In Thailand dengue epidemiology is seasonal and cyclical, yet outbreaks are particularly difficult to predict. Various epidemiological and entomological indices have been used for surveillance but they lack of reliability and accuracy for assessing dengue transmission risk. This thesis aims to develop more practical and sensitive tools and indicators of dengue transmission risk that may be used to forecast dengue outbreaks. A first retrospective epidemiological study showed that dengue incidence spatio-temporal pattern is strongly guided by climatic factors and urbanization. Serology surveys conducted through a randomized controlled trial evidenced a strong and positive “dose-response” association between Aedes adult abundance and the intensity of Ab response to Aedes salivary peptide, hence demonstrating the capacity of salivary biomarkers to assess fine-scale variations in Aedes-exposure risk. A case-control study conducted in the same area showed however that neither the level of Aedes infestation nor the intensity of Ab response to Aedes were good predictors of dengue and risk factors associated with dengue were age, house characteristics and the presence of DENV-infected Aedes at the patient house. This thesis highlighted the complex interactions between Aedes vectors, climatic and socioeconomic factors and dengue transmission risk in Thailand and discussed the implications for the development of more efficient warning indices to prevent outbreaks.

Key words: Aedes, dengue, Thailand, transmission, serology biomarkers, case-control study, RCT, human-vector contact, vector control.

Étude du potentiel des biomarqueurs sérologiques pour évaluer le risque de transmission de la dengue dans le nord-est de la Thaïlande.

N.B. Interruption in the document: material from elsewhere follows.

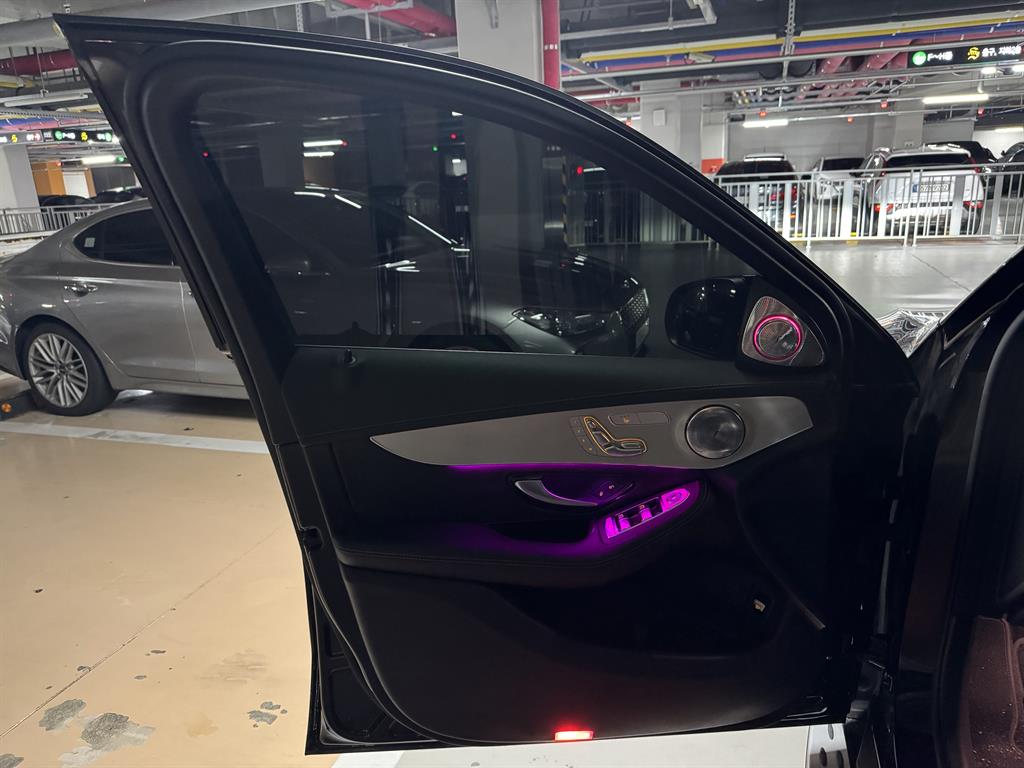 Mercedes Benz GLC Class 2020 Negro - Importación desde Corea - HF Imports Iquique - Foto 14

En Thaïlande, l'épidémiologie de la dengue est saisonnière et cyclique, mais les épidémies sont particulièrement difficiles à prévoir. Divers indices épidémiologiques et entomologiques ont été utilisés pour la surveillance, mais ils manquent de fiabilité et de précision pour évaluer le risque de transmission de la dengue. Cette thèse vise à développer des outils et des indicateurs de risque de transmission de la dengue plus pratiques et plus sensibles qui peuvent être utilisés pour prévoir les épidémies de dengue. Une première étude épidémiologique rétrospective a montré que le schéma spatio-temporel de l'incidence de la dengue est fortement guidé par les facteurs climatiques et l'urbanisation. Des enquêtes sérologiques menées dans le cadre d'un essai contrôlé randomisé ont mis en évidence une association "dose-réponse" forte et positive entre l'abondance des adultes atteints d'Aedes et l'intensité de la réponse de l'Ab au peptide salivaire de l'Aedes, démontrant ainsi la capacité des biomarqueurs salivaires à évaluer les variations à petite échelle du risque d'exposition à l'Aedes. Une étude cas-témoins menée dans la même région a toutefois montré que ni le niveau d'infestation par l'Aedes ni l'intensité de la réponse de l'Ab à l'Aedes n'étaient de bons prédicteurs de la dengue et que les facteurs de risque associés à la dengue étaient l'âge, les caractéristiques de la maison et la présence d'Aedes infecté par le DENV au domicile du patient. Cette thèse a mis en évidence les interactions complexes entre les vecteurs Aedes, les facteurs climatiques et socio-économiques et le risque de transmission de la dengue en Thaïlande et a discuté des implications pour le développement d'indices d'alerte plus efficaces pour prévenir les épidémies. Mots-clés : Aedes, dengue, Thaïlande, transmission, biomarqueurs sérologiques, étude cas-témoin, RCT, contact homme-vecteur, control vectoriel.